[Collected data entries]
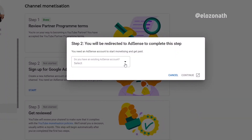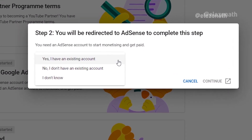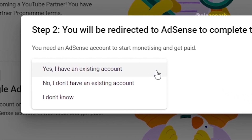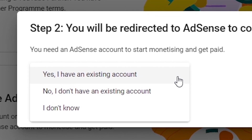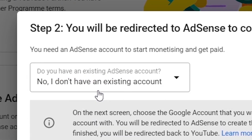When you are applying for the YouTube Partner Program, you are asked if you have an existing AdSense account or if you want to create a new one. If you already have an AdSense account and you want to link it to the channel you want to monetize, you select yes, I have an existing account. But if you want to create a new AdSense account for the new channel, you select that you don't have an existing account, and then you can create a new one for the channel you want to monetize.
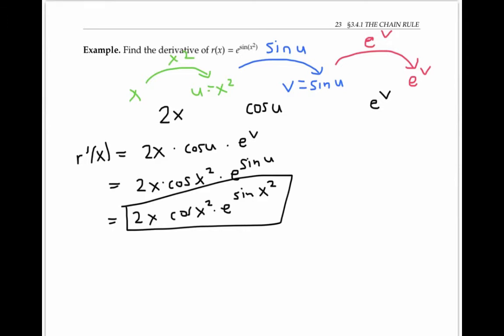I personally think that when you're getting started using the chain rule, it can be very helpful to write out a diagram like this — it helps keep things organized, especially when dealing with compositions of three or more functions. But as you get more experience, you may want to apply it more efficiently without drawing out this diagram. Let me show you with this example how I could work through the chain rule a little bit faster.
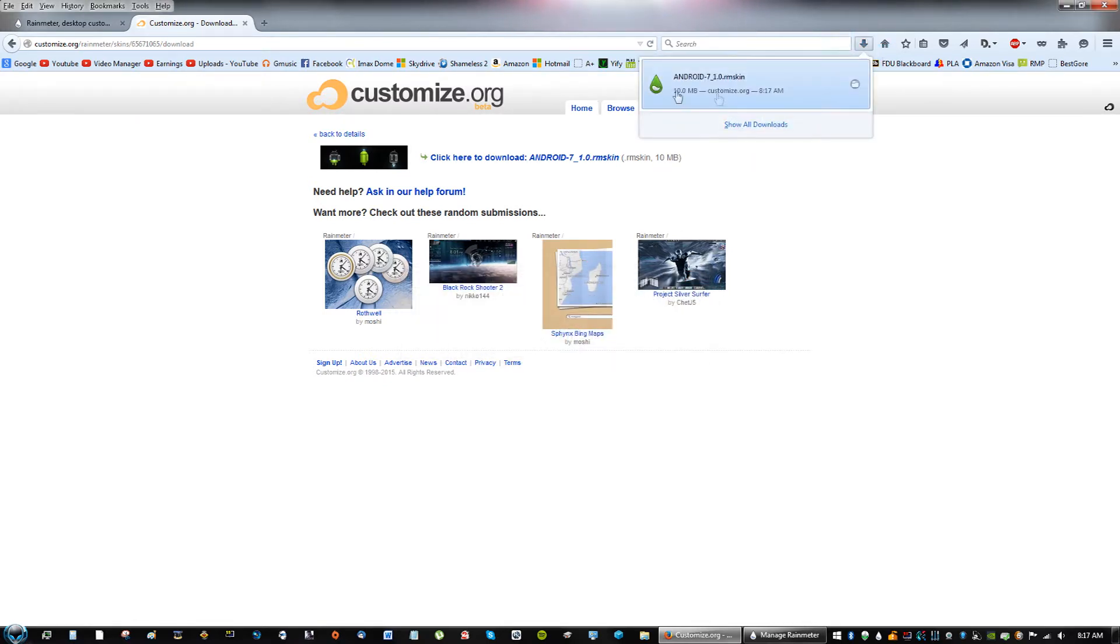If you're using Firefox, it's going to be like this. If you're using Google Chrome, I'm not sure what exactly the procedure is, but it would be pretty similar.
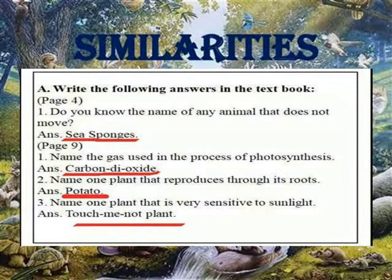Name the gas used in the process of photosynthesis. Carbon dioxide. Name one plant that reproduces by vegetative parts. Potato.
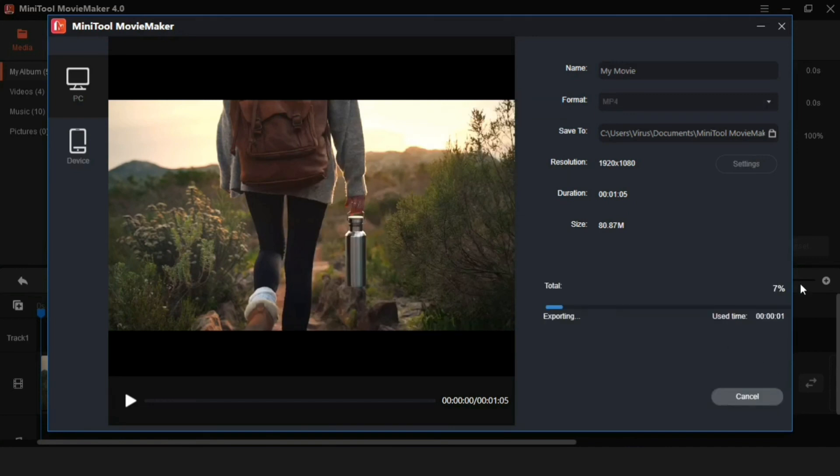And the link of this video editor is in the description. So go and try this video editor.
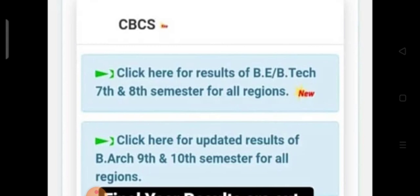If you have been waiting for 4 hours or 9 hours, you can check the website. 7th and 8th M all region BeBtech is available on our website.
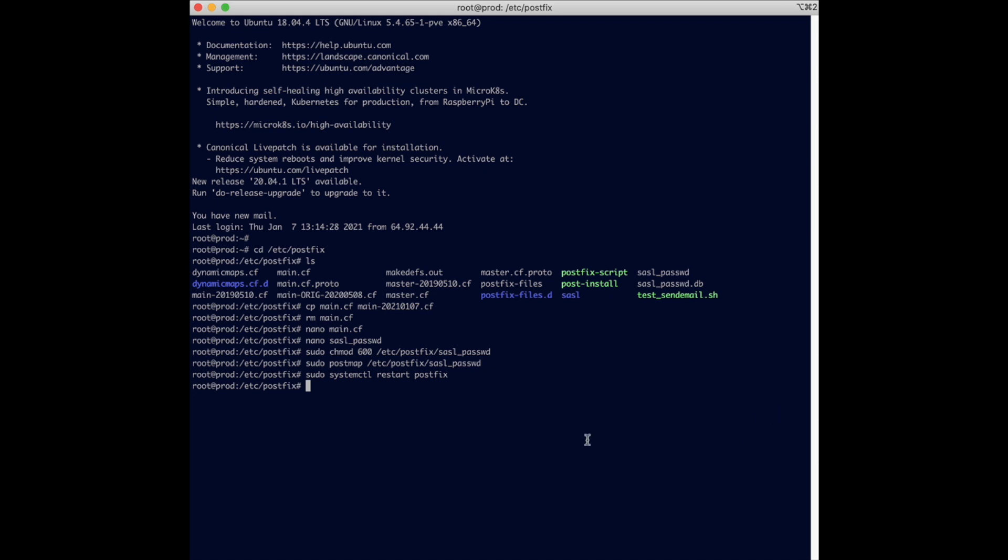Some of the test email sending that you can possibly do is using this command. Let me show you.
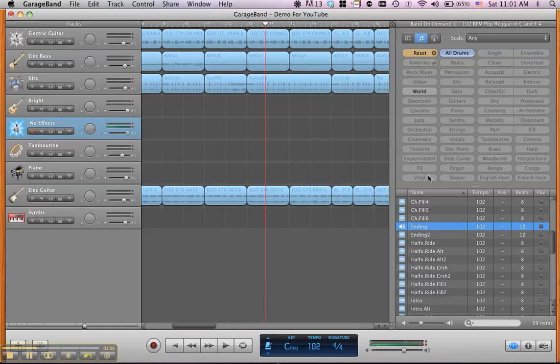So that's pretty much how you install it and how you start to use it. Basically, just set your tempo to the original tempo and start dragging and dropping. It's that easy.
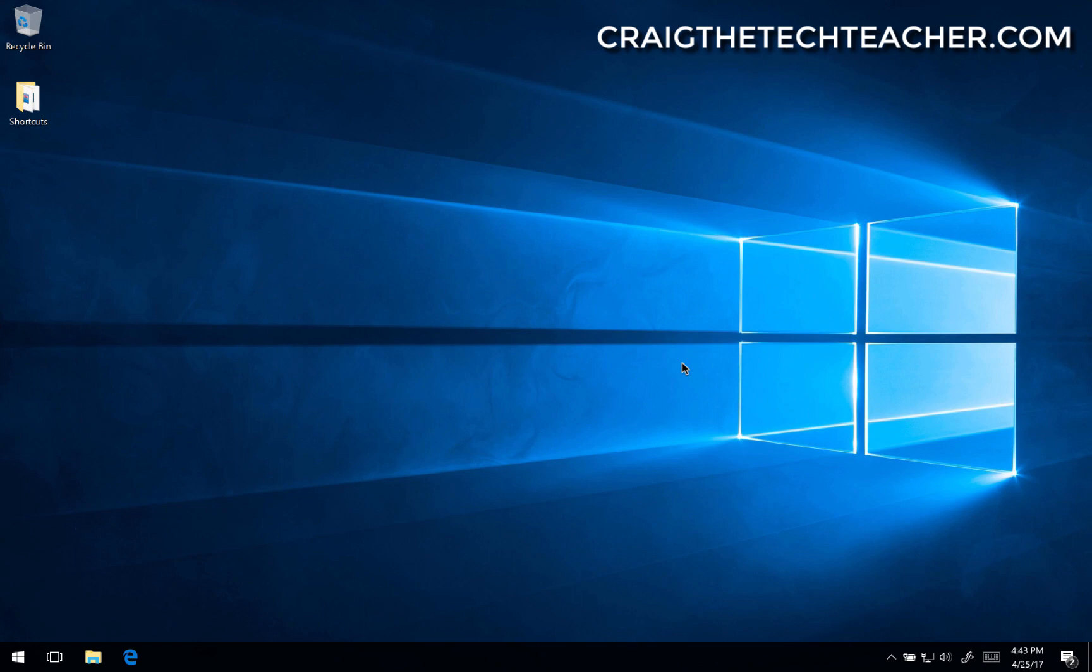If you're like me, you're not a huge fan of the default browser that comes with your Windows operating system. Thankfully, there's a lot of alternatives out there, and switching to those alternatives will improve your browsing experience. So today, we are going to download a new browser.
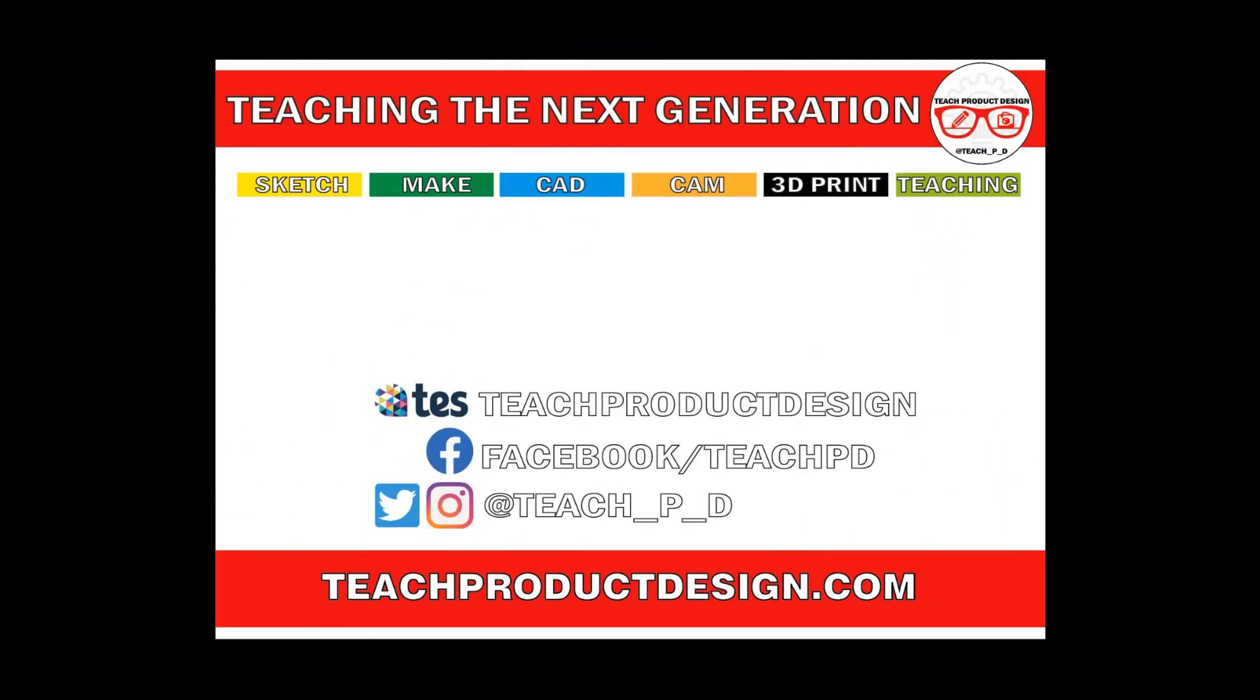Thanks for watching and if you found this content helpful please click like and subscribe and also check out any other resources and videos created using the links in the description. I'll see you on the next one.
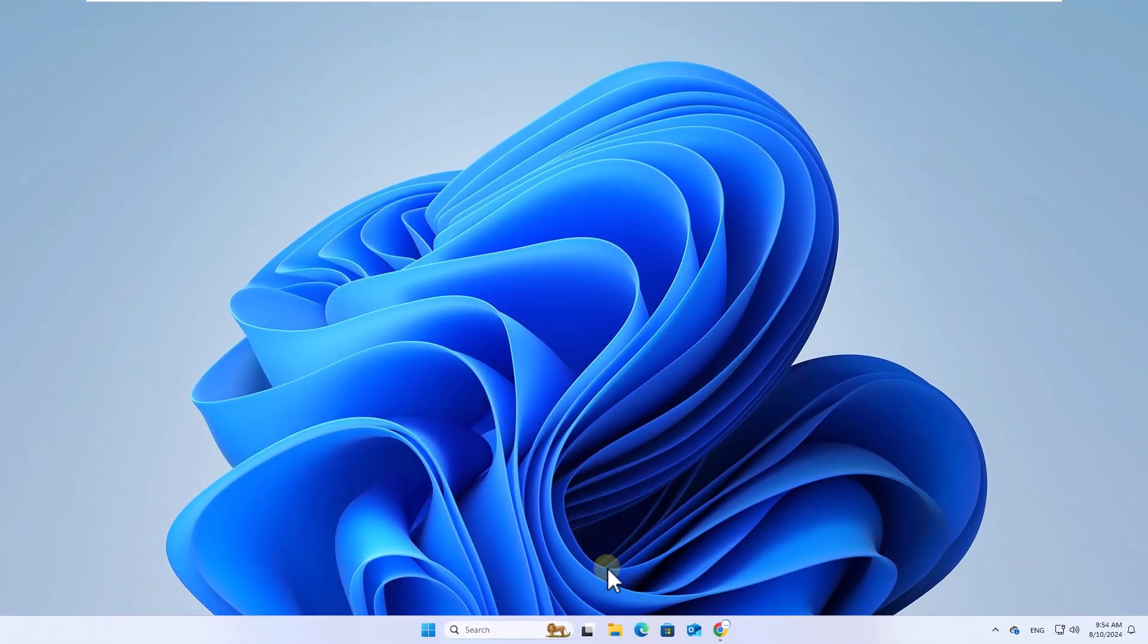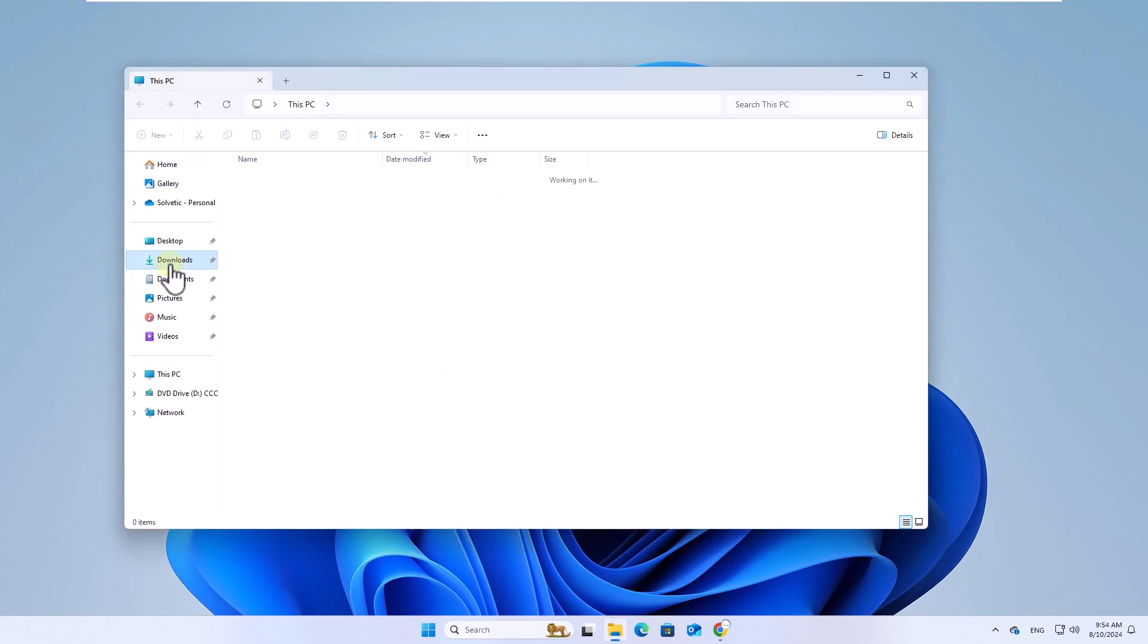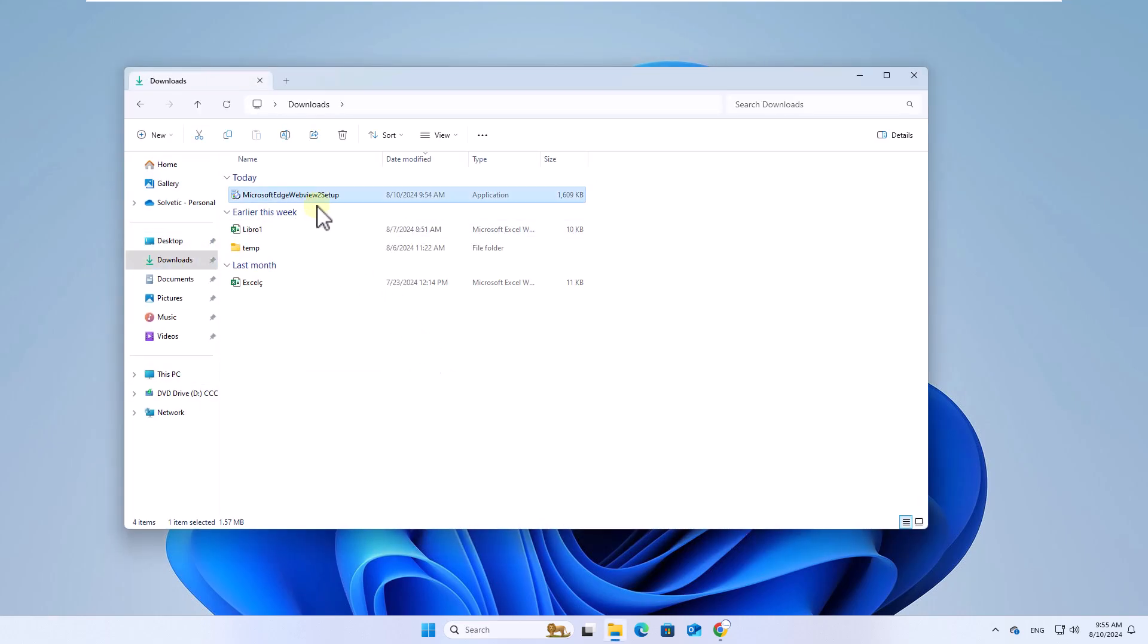To install it, open the download library, right-click on the installer to select the Run as Administrator option. Click on Yes to continue.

| YOUR TASK |
Pictures aside, return exactly the lines from the data above, starting at the line that has "Name the gas" and ending at the line that has "Some of the", both included.

| WRITTEN RESPONSE |
Name the gas used in the process of photosynthesis. Carbon dioxide. Name one plant that reproduces by vegetative parts. Potato.
And the link of this video editor is in the description. So go and try this video editor.
If you have been waiting for 4 hours or 9 hours, you can check the website. 7th and 8th M all region BeBtech is available on our website.
Some of the test email sending that you can possibly do is using this command. Let me show you.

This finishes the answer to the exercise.